I think some of the comments made in this thread actually speaks a lot of truth; as 19 is a very young age - you have to make sure she doesn't feel pressured about this, and the fact that she is homeless does make it rather suspicious as well.

But we don't know your situation, maybe she's mature for her age, but we don't know. You let your heart decide what's best for her as well as your marriage. You also need to set boundaries if you wish to go through with this.

In my opinion, it sounds like this is something that has been in your friend's mind, perhaps a fantasy. One problem; your wife and you have a strong marriage sure, but your friend -> she may get emotionally attached through this.


----------



## FieryHairedLady (Mar 24, 2011)

Halien said:


> There is simply a lack of concern for this girl's situation. Simple as that. If you want to have a threesome, you don't first put the person in a position where they feel that they owe you. At 19, has she even had the opportunity to learn her sexual boundaries? Given a secure relationship with one man or woman, and been able to compare this to a life of sharing without being manipulated by a middle-aged guy?
> 
> When I was 20, I was leaving a friend's room in the middle of the night in a coed dorm and heard a 19-20 year old girl being raped a few doors down. I burst into the room and removed her from the two guys that were forcing their way on her. She was scared, vulnerable, so I waited for her at the police station (no penetration, so hospital was not needed). On the way home, she let me know that she was willing to sleep with me. Like any person with a shred of decency, I didn't. Weeks later, I ran into her and she thanked me for not taking advantage of her. This girl, 'Dawn', has found herself homeless. If anything, she needs someone to show her that there are people in the world who will help her without wanting anything in return. If the OP understood how to care for someone, he would maintain a friendship until she was responsible and independent, and then ask her again. 99.9999% of semi-attractive young adult women would say, "Over my dead body" if the guy was already married and twice her age.

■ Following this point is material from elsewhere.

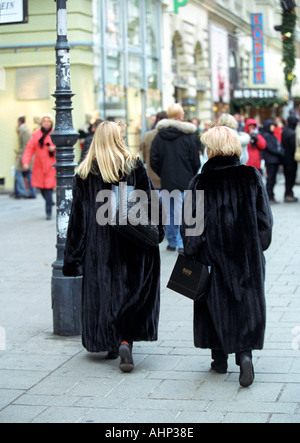 Women wearing real fur coats in Vienna Austria Stock Photo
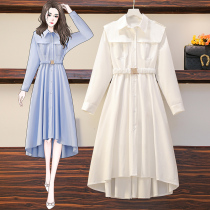 Big Code Womens Dress 2022 Spring Summer New Style Dress Fat Younger Sister Veil slim Dont make white shirt Lions dress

That is really awesome that you would rescue that girl. WTG!!! :smthumbup:


----------



## Trenton (Aug 25, 2010)

Halien makes me swoon.


----------



## FieryHairedLady (Mar 24, 2011)

I don't think this is a good idea. I think you need to help this girl find a good home elsewhere. 

It could only lead to alot of trouble for all of you.

honor your vows and commitment to your wife.


----------



## annagarret (Jun 12, 2011)

Don't,Don't, Don't do it. My husband and I have talked about this scenario many times but to do it with close married friends that we trust, love and are attracted to. It is a huge fantasy of ours. We have learned that that is exactly what it is, a fantasy. So we will never do it!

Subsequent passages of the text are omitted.